Social networks are becoming a good tool of bringing people together to coordinate their civil activity. Pictured: Nikita Glushik, 19, visits Russian site Vkontakte at an Internet cafe, Moscow. Source: AP
After historic protests earlier this month, activists alleged that Russia’s Federal Security Service (FSB) repeatedly tried to interfere in the activity of some social networks to block opposition groups supporting mass demonstration against the 2011 elections. Many are concerned that the next protest, scheduled on Dec. 24, will result in new pressures on social networks such as Vkontakte, known as Russia’s Facebook.
Before post-election protests in central Moscow, some Russian media outlets, blogs and social networks had their websites blocked or attacked by hackers. Four days before the large-scale demonstrations on Bolotnaya Square, the FSB allegedly pushed Pavel Durov, a founder the social website VKontakte, to assist in blocking the opposition. Durov said that the Russian secret police had demanded that his site ban online opposition groups supporting post-election protests, as well as vocal anti-corruption blogger Alexei Navalny - who had been arrested before during the protests near the Chistye Prudy metro station. Yet Durov refused to ban opposition groups and, moreover, published a copy of the police order.
Durov was ordered to appear at a prosecutor’s office. Afterward, the Vkontakte press service seemed to tone down Durov’s initial statements, stating that the secret police only made some “routine requests.” If something “doesn’t meet our principles and contradicts the law,” the company has the right to reject these requests, said Vladislav Tsypluhin, the social network’s press-secretary. In reality, he added, FSB asked to ban only those groups that provoked violence and unrest in the streets.

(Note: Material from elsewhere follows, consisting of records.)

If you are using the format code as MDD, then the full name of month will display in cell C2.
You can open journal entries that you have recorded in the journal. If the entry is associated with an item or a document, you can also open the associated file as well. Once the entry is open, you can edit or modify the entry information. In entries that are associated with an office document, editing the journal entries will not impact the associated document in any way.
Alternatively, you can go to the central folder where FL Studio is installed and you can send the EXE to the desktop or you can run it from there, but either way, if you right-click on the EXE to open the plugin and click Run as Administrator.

“This is not the first instance of pressure on social networks,” said Alexander Morozov, a well-known blogger. “Last summer we witnessed Yandex [Russia’s largest search engine] face the same problems. The FSB requested the information about Alexei Navalny’s personal account and all his transactions.”

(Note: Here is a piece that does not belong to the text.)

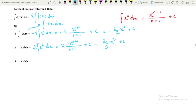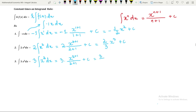Next, integration of 3x squared with respect to x. We take the constant 3 outside and integrate x squared with respect to x using the power rule, giving x to the power 2 plus 1 over 2 plus 1, plus C — which is x cubed over 3. Multiplying by 3, the 3 and the denominator 3 cancel out, so integration of 3x squared with respect to x equals x cubed plus C.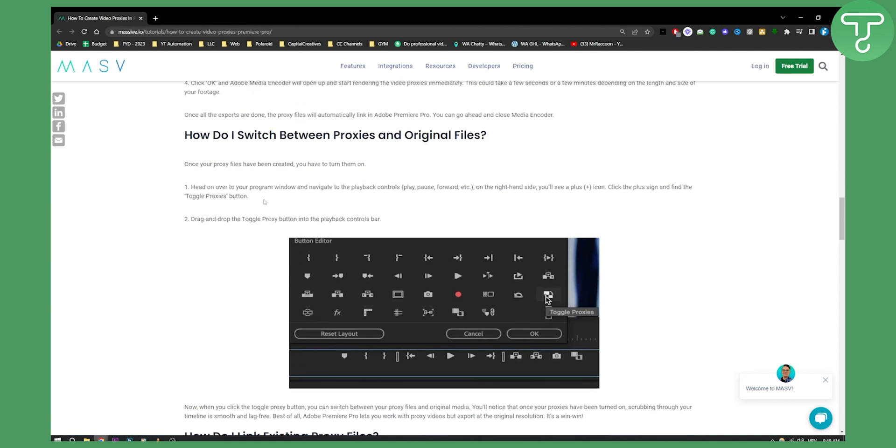That's basically how you can create proxies in Premiere Pro. If you have any questions or comments, comment down below and we'll see you in the next video. Thank you guys for watching.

According to Morozov, Durov’s public refusal to ban opposition groups was the kind of response that is good business for his company. Given the interest of foreign investors in Russia’s Internet projects and its international heft, this move will only attract foreign investors and result in positive consequences for its capitalization. “It is essential for foreign investors that Russia’s Internet projects have some safeguards from FSB’s undesirable interference,” Morozov argued.
He added that “the FSB has the right to control some processes in the social media related to extremism. On the other hand, the FSB cannot abuse its power and interfere with citizens’ activity [such as the organizations of peaceful demonstration via the Internet] without bringing about negative consequences.”
The Russian government is allowed to monitor private, online correspondence if there is suspicion that the communication could lead to instability. The so-called system of operative investigative activities (SORM-2) introduced in 2000 is a program that allows Russia’s federal security agencies to force Internet service providers install special devices, which help track all e-mail messages and private correspondence on social networks.
Social networks were used as a tool to coordinate the Manezh Square public unrest in December 2010 when about 10,000 nationalists and footbal fans took to the streets in response to the murder of a Russian football fan. These protests gave the authorities a reason to change Russia’s criminal legislation regarding the dissemination of extremist information on the Internet.
The amendments to the Criminal Code proposed by the State Duma could complicate the life of most Internet users by extending its provisions not only to registered mass media, but also to unregistered blogs including those in social networks. This move sparked the fear that the Kremlin would impose more restrictions on the freedom of the speech in Internet before the 2011 parliamentary elections and the 2012 presidential campaign.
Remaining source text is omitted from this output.